My Lingering Toothache
For my soon-to-be family-in-law, enjoying the lake life in Northern Michigan is a yearly ritual every fourth of July. During one of the evenings of this year's trip, we ate dinner at a local biker bar. Shortly before our dinner arrived, one of my siblings-in-law and I ventured to the far side of the bar to order a drink. At the time, we were both bearded.
While we were waiting, we overheard an over-served young man trying to charm a young woman. He, of course, was not particularly charming but was trying his best. As he was conversing with the woman, he said something which compared me to a member of ISIS and how he wouldn't be surprised if I did something to harm the patrons of the bar. He was obviously trying to use hyperbole to be funny.

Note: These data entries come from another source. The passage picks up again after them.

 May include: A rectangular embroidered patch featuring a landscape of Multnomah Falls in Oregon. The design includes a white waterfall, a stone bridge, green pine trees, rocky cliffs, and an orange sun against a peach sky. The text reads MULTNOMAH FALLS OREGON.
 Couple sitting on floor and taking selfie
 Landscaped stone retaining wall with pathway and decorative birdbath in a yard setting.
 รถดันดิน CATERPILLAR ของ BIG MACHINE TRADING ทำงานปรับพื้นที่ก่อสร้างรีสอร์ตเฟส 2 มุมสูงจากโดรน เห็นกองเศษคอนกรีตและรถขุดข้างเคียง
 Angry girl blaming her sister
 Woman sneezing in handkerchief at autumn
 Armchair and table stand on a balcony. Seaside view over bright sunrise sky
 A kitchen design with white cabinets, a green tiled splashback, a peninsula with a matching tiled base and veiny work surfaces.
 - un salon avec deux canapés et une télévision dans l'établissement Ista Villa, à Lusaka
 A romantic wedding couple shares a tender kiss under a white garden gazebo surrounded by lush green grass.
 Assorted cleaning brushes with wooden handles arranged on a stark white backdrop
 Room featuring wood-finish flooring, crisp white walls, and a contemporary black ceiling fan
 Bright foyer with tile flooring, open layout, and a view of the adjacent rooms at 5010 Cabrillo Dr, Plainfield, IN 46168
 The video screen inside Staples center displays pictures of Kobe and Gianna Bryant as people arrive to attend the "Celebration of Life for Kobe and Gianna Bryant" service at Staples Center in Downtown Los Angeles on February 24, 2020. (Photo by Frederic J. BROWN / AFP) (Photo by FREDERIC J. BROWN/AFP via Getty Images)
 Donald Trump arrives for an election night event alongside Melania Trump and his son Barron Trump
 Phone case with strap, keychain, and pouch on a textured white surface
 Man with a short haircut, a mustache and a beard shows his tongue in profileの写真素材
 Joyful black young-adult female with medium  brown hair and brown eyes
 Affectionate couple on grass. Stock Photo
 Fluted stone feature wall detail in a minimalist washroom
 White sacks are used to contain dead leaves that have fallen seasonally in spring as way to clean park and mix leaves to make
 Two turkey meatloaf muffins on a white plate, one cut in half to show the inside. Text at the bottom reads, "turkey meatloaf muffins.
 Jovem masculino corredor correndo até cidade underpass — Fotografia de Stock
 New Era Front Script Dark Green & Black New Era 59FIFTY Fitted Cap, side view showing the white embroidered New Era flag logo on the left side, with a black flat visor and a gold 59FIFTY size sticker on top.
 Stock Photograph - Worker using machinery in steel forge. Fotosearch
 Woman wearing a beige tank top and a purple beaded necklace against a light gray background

I gave him a befuddled, "Are you serious?" jaw-hanging glance from across the bar. He was extremely embarrassed. When I ordered my drink, I bought him a round to demonstrate I didn't have lingering ill will toward him. This of course, made him feel more foolish.
I'm not interested in making preachy platitudes about racism, prejudice, or patriotism. Rather, I share this story to illustrate why I have a barely-noticeable, but persistent, anxiety in public places. I honestly don't know if someone's going to bother me because of my race (which in my case makes me arbitrarily different from others). What's worse, is that I don't know whether someone will hassle my family or friends because I happen to look like someone they think they should be afraid of.
The slightest uncertainty of safety is what I find difficult about my racial identity - like a toothache that I have to just grow accustomed to.